From those days, can you think of any prominent woman who owned up to having a child out of wedlock and refused to name the father?
She was 67 in that picture?

Hi Mary Ann!

*waving*
I'll never feel the same about Loretta Young again. That was a different time; teen age girls left school to live with their "aunt", children were given up through private adoption, or never got here at all. How could anyone have looked at Judy Lewis and not known the truth? R
I did not know this, Mary Ann. All I remember of Loretta Young was her TV show where, at the beginning, the door to a grand ballroom opens and she comes swirling in in an evening gown. Some philosopher--I forget who--has said one can measure the state of a culture by the way it treats its children. Your post makes that case.
Mary Ann, I'm not making excuses for anyone. I don't know them. What I am saying is what Ms Young did given what I know which admittedly isn't much, seems perfectly understandable to me. Not everyone is cut out to be a crusader. At the time the Catholic Church was perfectly willing and able and active in taking on quite a few crusades of their own - morality crusades. As a result of MANY churches actions in this area, the Hayes office was created.

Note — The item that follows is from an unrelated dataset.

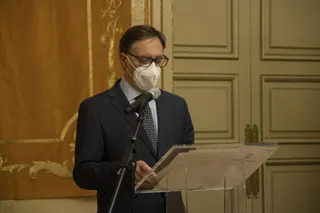 Imagen de archivo del alcalde de Salamanca, Carlos García Carbayo | Salamanca 24 Horas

Ms Young did better than most. She had a baby out of wedlock and made arrangements with an orphanage to take her and adopt her. She didn't have to sacrifice her career and she kept her life and her affairs private, did not expose herself or her daughter to ridicule or moral judgments. Those were NOT the times of bastard children acting as ring bearers. Sometimes there much to be said for privacy and discretion.

Whether she should have told her daughter of her father's identity is not for me to determine. As in ALL things there are always details that are omitted. I'm not saying she was right to do it but I refuse to judge her for it either. What HE did was his to account for. NONE of us know the circumstances. What appears to others as protecting him, might in fact have been an effort to protect her daughter.

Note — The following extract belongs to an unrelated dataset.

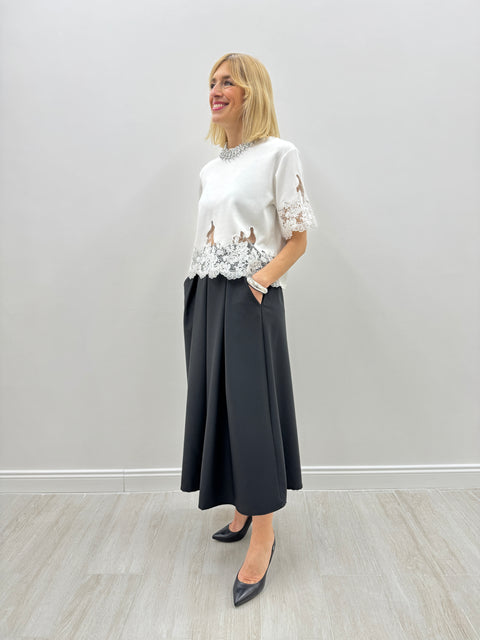 Maglietta Perla Bianca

So Ms Young should have taken on morality and mores and equality of the sexes? What I see is a mother who tried to do the best for herself and her child and I see a father who was not there. And I don't know exactly why.

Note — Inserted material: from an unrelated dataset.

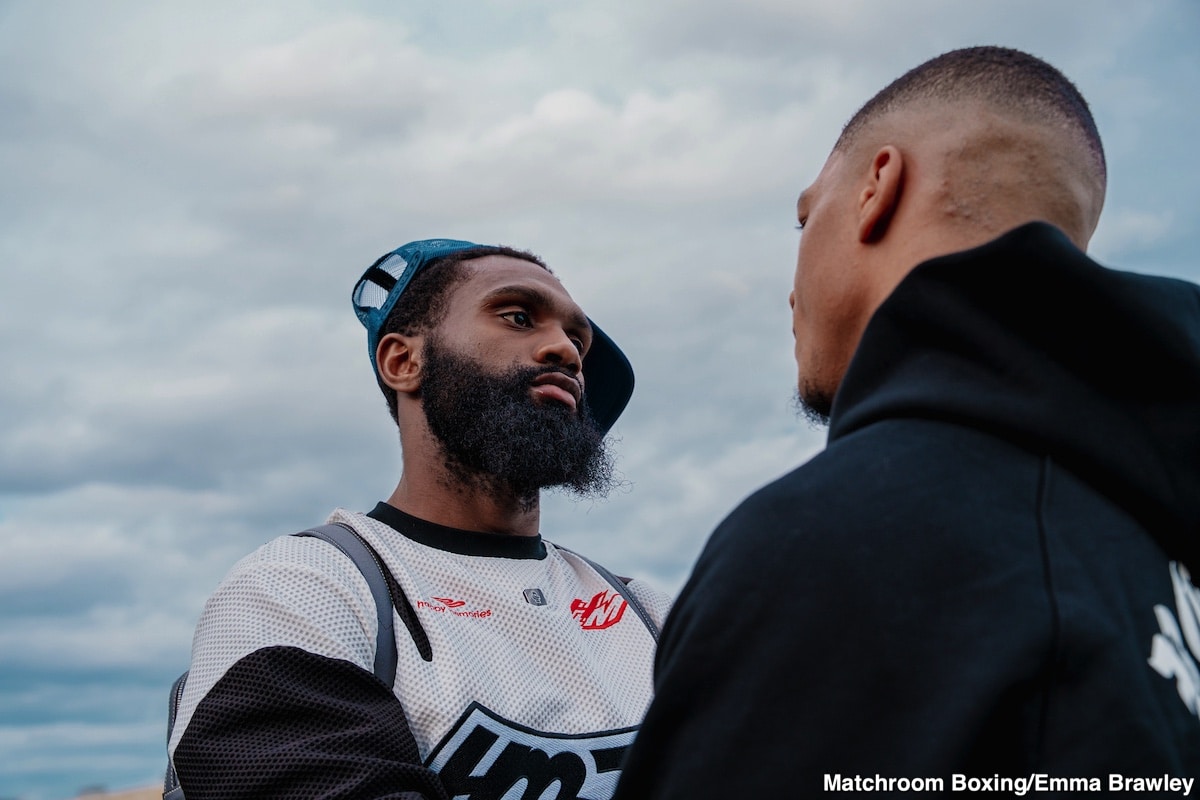 Image: Tim Bradley Sounds Alarm: “Hungry” Uisma Lima Could Shock Jaron ‘Boots’ Ennis on DAZN This Saturday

If this woman was estranged from her mother at the end of her life, then I'm sorry for both of them. That's the saddest part of this story - embracing anger instead of acceptance and forgiveness. But what do I know? I wasn't there.
Foolish Monkey,
Of course you have the right to your opinions. I still disagree strongly with what you say...which is also my right.
Merry Christmas.
Thanks, Maryann, for posting the picture. She sure looks like her mother! Looks for traces of Gable. Eyebrows? Larger mouth? Not sure. Thanks for updating.
Larry-
Hi right back atcha...Merry merry etc.
I always knew this story & was repelled by it & I'm looking forward to reading her book now. R
Everything I know about the hypocrisy of how "illegitimate" children and their mothers were treated in the 1930's, 40's and 50's, I learned from the movies, and this sounds like a movie. In fact, I think it was, (To Each His Own, The Old Maid, etc.) What she did was reprehensible, but Young's life was all about appearances. She could not have simply raised her daughter and kept her career. She would have had to choose. Think about what happened to Ingrid Bergman years later. Her films were banned and she was denounced by the church.

I don't think they knew as much about early attachment and how children who spent the first two years in institutions never lose the feeling of abandonment. I can imagine all the rationalizations that went into Young's decision.

I'm glad humans have evolved a little since then.
What interests me a lot is that most of the comments who talk about parental responsibility to the child talk about Loretta Young's responsibility - while the guy who impregnated her gets off relatively easy! Not much has changed in that area, sadly.